Yesterday, I sent letters to The Australian, the West Australian and the Age, and I know that it got published in The Australian (I don’t receive the West or The Age at home – if anyone can fill me in on whether it got published or not, I would be most appreciative.

Here’s the letter that I sent in:

Who can remember who held the world record for the 100m before Usain Bolt? What was their time?
Who was the guy that took 7 gold medals in the Olympics? Does it matter any more now that Phelps has 8?
Sports records tumble all the time, and we only remember who has the fastest time, the most medals. We don’t remember who came second. We don’t care. Yet despite the temporary nature of sporting success, Australia is willing to pour $168 million dollars into the AIS, where as the longer term investments in our nations culture, that of music, is cut from a paltry $2.5 million to 0.
Music and the Arts is what makes up Australia’s culture. Even in sports! Imagine if there was no music. We wouldn’t be able to proudly sing “Girt by sea” – even if we could remember the rest of the words. We wouldn’t be proudly singing our footy team’s club song. We wouldn’t have Kylie, or Barnsey. Without music, I’m sure Peter Garrett wouldn’t have had an opportunity to get into Parliament. Peter, please reconsider your decision, and prove to us that you don’t hate the Arts.

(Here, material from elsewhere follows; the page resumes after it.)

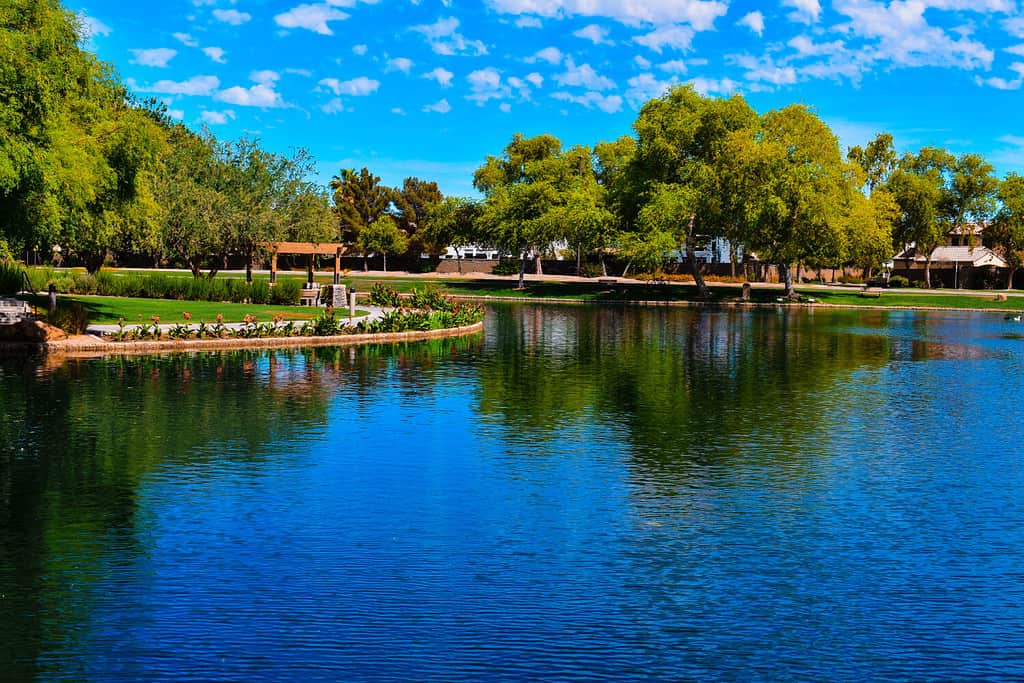 Bellissimo laghetto e paesaggi al Power Ranch a Gilbert, Arizona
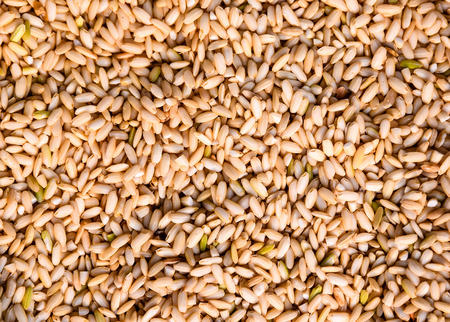 close up of brown rice,coarse rice  grains  for backgroundの写真素材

And the Aus’ edited version:

Who can remember who held the world record for the 100m before Usain Bold? What was his time?
Who was the guy that took seven gold medals in the Olympics? Does it matter any more now that Michael Phelps has eight?
Despite the temporary nature of sporting success, Australia is willing to pour $168 million into the Australian Institute of Sport, where as the longer term investement in our nation’s culture, through funding for music education is cut from $2.6 million to zero.
Music and the arts is what makes up Australia’s culture, even in sports.
Imagine if there was no music. We wouldn’t be able to proudly sing “Girt by sea” – even if we could remember the rest of the words.
Without music, I’m sure Peter Garrett wouldn’t have had an opportunity to get into parliament.
Peter please reconsider your decision, and prove to us that you don’t hate the arts.

I Also got a cartoon, with an athlete holding his olympic gold medal, and an orchestral violinist holding a symphony orchestra cd, the violinist saying “Mine’s bigger than yours.” Did very well to pick up that I’m a violinist. Perhaps he googled me and found my website?

Remember to sign the petition, and write to Peter Garrett, and keep the letters coming into the Aus, and other newspapers. We need this to not disappear from the public eye. Let’s make Peter Garrett come out and say something, as opposed to hiding in his office.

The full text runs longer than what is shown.